Last Thursday, Google Campus was invaded by start-ups desperate to present their ideas and get feedback from their peers. The location wasn’t a surprise, but the format is relatively new: getting feedback and advice from an audience of start-up founders, lawyers, PRs, marketing people and writers doesn’t happen every day – normally, you’re lucky if you get a few grunts from a venture capitalist.
This was the second instalment of Don’t Pitch Me, Bro!, which marked the last event for newly-appointed deputy chief executive of Tech City, Benjamin Southworth: his last hoorah before leaping boldly into the public sector.
The festivities started with free beer and pizza, courtesy of Raptor. Business cards were exchanged. You know the drill.
Then it was time for pitching. Four companies were up to present. The idea is to give a live demo of the product or service, give the audience an idea of what it is all about, and then use the crowd as a judge on what you’re getting right and what you need to work on.
First up was Sale Rail, a website thought up by recent university graduate Graham Peterson. Graham wants to bring all high street sales to one place.
He has been working on the project for a while now, in his spare time, having a day job unrelated to the site. He is one of those founders who has taught himself everything: basic coding, marketing, a bit of sales – proving, of course, that there are no prerequisites to starting your own business – just enthusiasm and a lot of hard work.
A strength of this event format is the quality of conversation that goes on between the public and the founders. Humour is important too: Peterson’s presentation prompted one member of the public to advise him to be “the Ryanair of clothes shopping – it looks so shit, it must be cheap!”
The second start-up was led by Mathias Vagni. His idea, Use The Food, is a platform for food bloggers to post their content and for users to search for recipes according to ingredients they already have. The incentive is to avoid waste.
Founders often have a precise idea of what their product is supposed to achieve, but, often, their idea gets lost in translation, leaving users confused. Events like “Don’t Pitch Me, Bro!” are great in helping founders tackle that issue. Communicating with a neutral, unbiased audience permits for these problems to be highlighted – and eventually addressed. Vagni benefited from just that sort of communication.

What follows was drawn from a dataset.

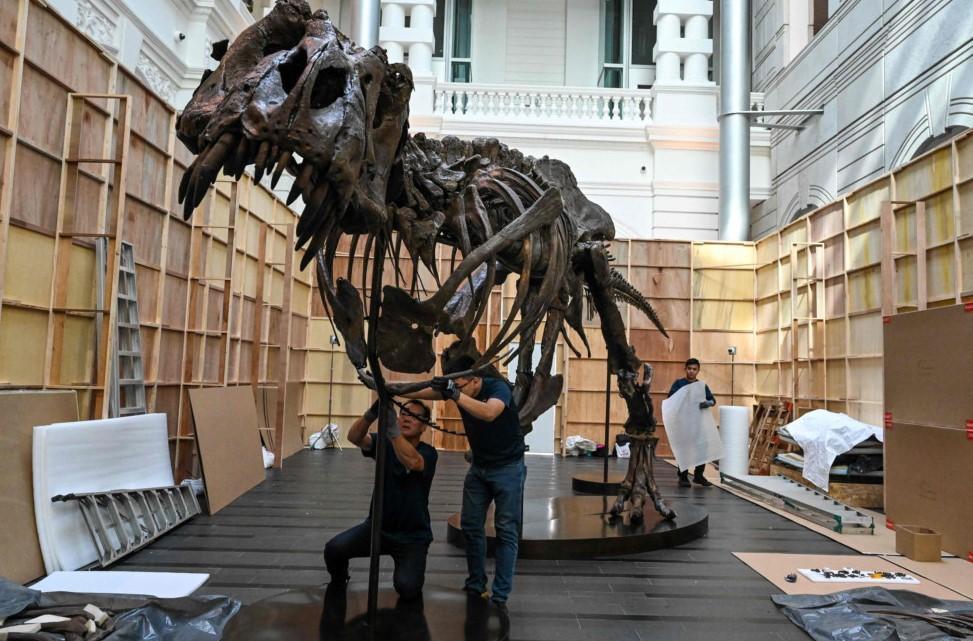 Christie’s cancels controversial T-rex auction in Hong Kong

Of course, as we were at a tech event in 2012, it was inevitable that the words “big” and “data” would come out eventually. The third “non-pitch” was for Second Sync, a start-up that uses Twitter to extract data about UK television shows. The presentation was terse and poised, leaving many members of the audience to unofficially brand this as one of the best ideas they’d heard in a while.
Because the presentation and demo were so well put together, not much criticising of the product itself happened – and instead the conversation geared towards big data, and the interminable debate of what exactly it is, how it can be used to its full potential and why it has not yet been fully utilised. It’s a conversation topic that is always incredibly fascinating and that leads to lively debates, as I’m sure you’ll agree.
The final start-up, Play Brighter, could have done with some focus. A cross between educational software and an educational game platform, the target market was not clear.
Already attracting a larger, better-quality crowd than the peculiarly-named Flagons Den, Don’t Pitch Me, Bro! looks set to join Digital Sizzle and Silicon Drinkabout as a mainstay of the east London start-up scene.